On the other hand, inflexible hearsay rules that preclude capital defendants from presenting persuasive mitigating evidence violate due process regardless of the prosecutor's conduct.(42) Numerous other due process rights do not depend upon prosecutorial misconduct, such as the right to voir dire on racial prejudice in a capital case involving an interracial crime,(43) the right to a change of venue due to widespread pretrial publicity,(44) the right to be informed of every element of a crime before pleading guilty,(45) the right to be free of apprehension of retaliatory sentencing after the exercise of the right to appeal,(46) and the right to voir dire potential jurors regarding whether they would automatically impose the death penalty upon conviction of the defendant.(47)

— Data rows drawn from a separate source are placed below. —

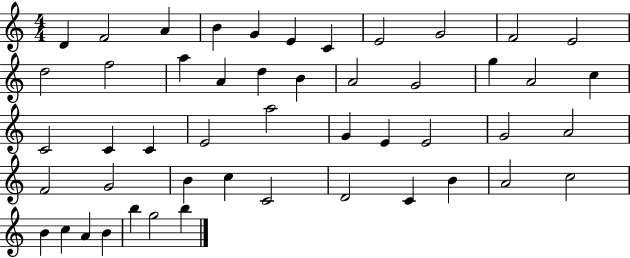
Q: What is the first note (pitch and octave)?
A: D4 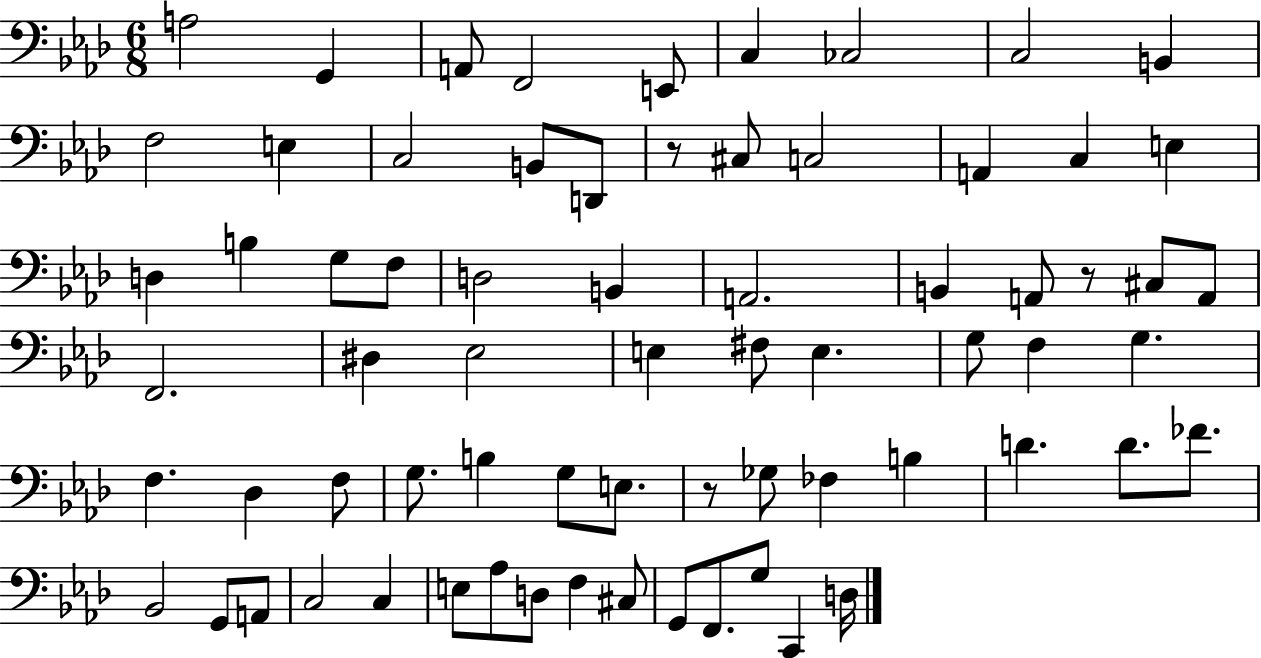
A3/h G2/q A2/e F2/h E2/e C3/q CES3/h C3/h B2/q F3/h E3/q C3/h B2/e D2/e R/e C#3/e C3/h A2/q C3/q E3/q D3/q B3/q G3/e F3/e D3/h B2/q A2/h. B2/q A2/e R/e C#3/e A2/e F2/h. D#3/q Eb3/h E3/q F#3/e E3/q. G3/e F3/q G3/q. F3/q. Db3/q F3/e G3/e. B3/q G3/e E3/e. R/e Gb3/e FES3/q B3/q D4/q. D4/e. FES4/e. Bb2/h G2/e A2/e C3/h C3/q E3/e Ab3/e D3/e F3/q C#3/e G2/e F2/e. G3/e C2/q D3/s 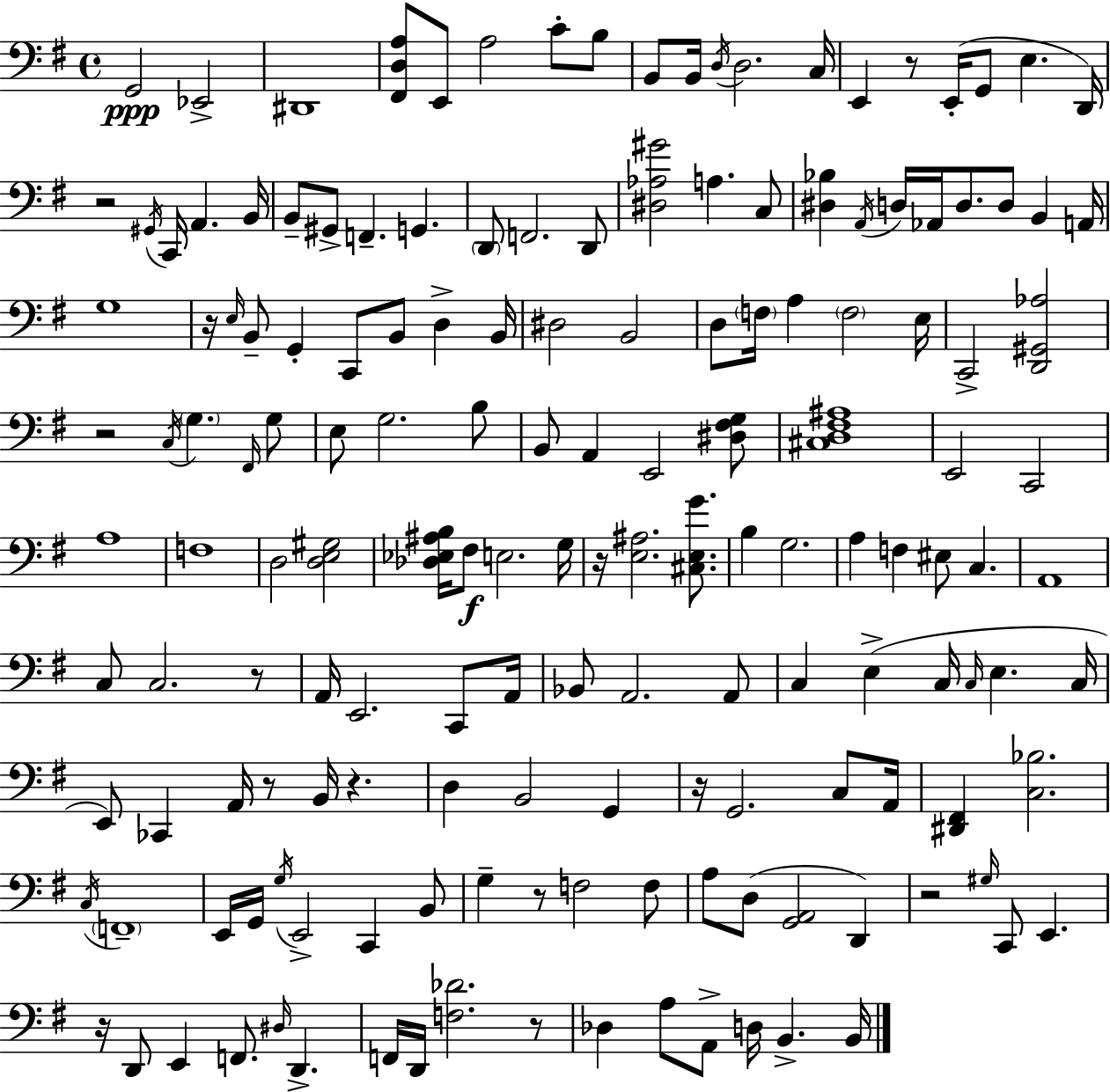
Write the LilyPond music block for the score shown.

{
  \clef bass
  \time 4/4
  \defaultTimeSignature
  \key g \major
  g,2\ppp ees,2-> | dis,1 | <fis, d a>8 e,8 a2 c'8-. b8 | b,8 b,16 \acciaccatura { d16 } d2. | \break c16 e,4 r8 e,16-.( g,8 e4. | d,16) r2 \acciaccatura { gis,16 } c,16 a,4. | b,16 b,8-- gis,8-> f,4.-- g,4. | \parenthesize d,8 f,2. | \break d,8 <dis aes gis'>2 a4. | c8 <dis bes>4 \acciaccatura { a,16 } d16 aes,16 d8. d8 b,4 | a,16 g1 | r16 \grace { e16 } b,8-- g,4-. c,8 b,8 d4-> | \break b,16 dis2 b,2 | d8 \parenthesize f16 a4 \parenthesize f2 | e16 c,2-> <d, gis, aes>2 | r2 \acciaccatura { c16 } \parenthesize g4. | \break \grace { fis,16 } g8 e8 g2. | b8 b,8 a,4 e,2 | <dis fis g>8 <cis d fis ais>1 | e,2 c,2 | \break a1 | f1 | d2 <d e gis>2 | <des ees ais b>16 fis8\f e2. | \break g16 r16 <e ais>2. | <cis e g'>8. b4 g2. | a4 f4 eis8 | c4. a,1 | \break c8 c2. | r8 a,16 e,2. | c,8 a,16 bes,8 a,2. | a,8 c4 e4->( c16 \grace { c16 } | \break e4. c16 e,8) ces,4 a,16 r8 | b,16 r4. d4 b,2 | g,4 r16 g,2. | c8 a,16 <dis, fis,>4 <c bes>2. | \break \acciaccatura { c16 } \parenthesize f,1-- | e,16 g,16 \acciaccatura { g16 } e,2-> | c,4 b,8 g4-- r8 f2 | f8 a8 d8( <g, a,>2 | \break d,4) r2 | \grace { gis16 } c,8 e,4. r16 d,8 e,4 | f,8. \grace { dis16 } d,4.-> f,16 d,16 <f des'>2. | r8 des4 a8 | \break a,8-> d16 b,4.-> b,16 \bar "|."
}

Unfortunately, Simmons did not clearly identify one ground or the other--preventing prosecutorial misconduct or ensuring reliability-as the basis for its rule. Nonetheless, we think Simmons is best understood as a rule of reliability. The closest analogy is Brady v. Maryland.(48) Brady requires the state to provide the defense with any exculpatory evidence within its possession; moreover, Brady holds that a new trial is required whenever such evidence is not disclosed, regardless of the good or bad faith of the prosecutor.(49) Good faith is irrelevant because preventing nondisclosure by a prosecutor "is not punishment of society for misdeeds of a prosecutor but avoidance of an unfair trial to the accused."(50) Simmons likewise contemplates a state of affairs in which the state has in its hands information--namely, that the defendant, if not sentenced to death, will never be eligible for parole--the effect of which is exculpatory. If good faith will not excuse the state's failure to provide exculpatory evidence to the defense under Brady, neither should it excuse the corresponding failure to provide exculpatory information to a capital sentencing jury under Simmons.(51)

CONCLUSION

Under existing doctrine, due process entitles a capital defendant to inform the jurors who will decide his fate that, if not sentenced to death, he will never be eligible for parole--but only if his future dangerousness is "at issue." Yet the fact of the matter is that future dangerousness is on the minds of most capital jurors and thus "at issue" in virtually all capital trials, even if the prosecution says nothing about it. Ironically, a capital defendant is therefore better off, all else being equal, if the prosecutor argues that he will pose a danger to society--in which case the defendant would be entitled to a Simmons instruction--than if the prosecutor remains silent. Indeed, the prosecutor in Shafer was well aware of this irony; otherwise, he would not have gone to such lengths to avoid a Simmons instruction.(52)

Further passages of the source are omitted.